In such a computer in the prior art, program instructions generally
comprise an operation code, i.e., the opcode, together with information
relative to the location of the operands, that is, the data to be operated
on. These operands sometimes may also have additional operational
information. The length of the program instructions may be relatively long
or relatively short depending on the quantity of data involved. The
operating codes generally indicate the operation to be performed. Once the
length of the operating code is established, it is possible to have only a
certain fixed set of different operating codes and related program
instructions. However, not all the operating codes which may theoretically
be expressed with a certain number of bits, i.e., operating codes within
the fixed set, are used to characterize program instructions for which the
computer is provided with microprogramming resources. Generally, only a
part or subset is used, and thus programming efficiency is degraded.
Also in a prior art computer, the memory of the computer provides the
largest hardware cost. Therefore, the key to hardware speed and minimum
size lies in efficient use of the memory. Fixed instruction length
computers require the same number of bits for each instruction word
regardless of the simplicity or complexity of the operation to be
executed. As an example, many bits can be wasted in instructions which
specify simple operations, while many instructions can be wasted in
complex operations where an instruction's capability is limited by its
length. Therefore, it is desired to design a computer with an instruction
set which can perform all applications most efficiently.
To increase the efficiency of microprogramming in the prior art, the
concept of optimizing compilers is used and implemented (1) to compile
programming languages down to instructions that are as unencumbered as
microinstructions in a large virtual address space and (2) to make the
instruction cycle time as fast as the technology would allow. Computers
having such optimized compilers are designed to have fewer instructions
than those in the prior art, and what few instructions they do have are
simple and would generally execute in one cycle. Such computers have been
aptly named reduced instruction set computers (RISCs). Instructions that
are part of a reduced instruction set in a RISC machine and that provide
increased efficiency in a novel way have been invented and are described
herein.
Specifically, one of the most common operations performed on a computer is
moving a string of bytes, or words, from one address to another in memory.
Because of the frequency of this operation, it is important to make it
efficient. But because of the diversity in the exact form of the
operation, diversity of fixed or variable lengths and addresses and
diversity of lengths and alignments, it is difficult to find a uniform
mechanism to perfom this operation efficiently, even though in practice
very few of the variations may be used with any frequency.

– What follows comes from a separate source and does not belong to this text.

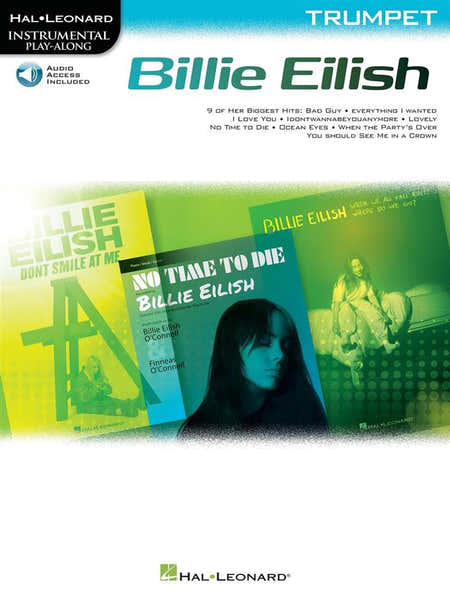 Hal Leonard Billie Eilish For Trumpet - Trompette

In the prior art, one approach has been to specify one or two instructions
that move bytes from a source to a destination. The options available,
however, are very limited; so are the specifications of operands. Because
of the number of options that has to be specified, i.e., addresses and
lengths, the instructions in the set are very large. These instructions
require several cycles to execute and assorted microcodes to control.
Because of the long execution times, problems of these operations being
locked out because of input/output (I/O) interruptions occur frequently.
Therefore, these operations further need to be interruptable and/or
restartable. This need obviously adds to the complexity of the
instructions.
Furthermore, a similar problem occurs in a virtual memory system because of
the long execution times. There, the problem of page faults occur instead
of those of interrupts. The control necessary to solve these problems add
cost and complexity to the hardware.
In short, additional complexity in data paths and controls for optimizing
the execution of such operations, even if only to optimize operations of
the most frequently occurring variations, is unavoidably introduced.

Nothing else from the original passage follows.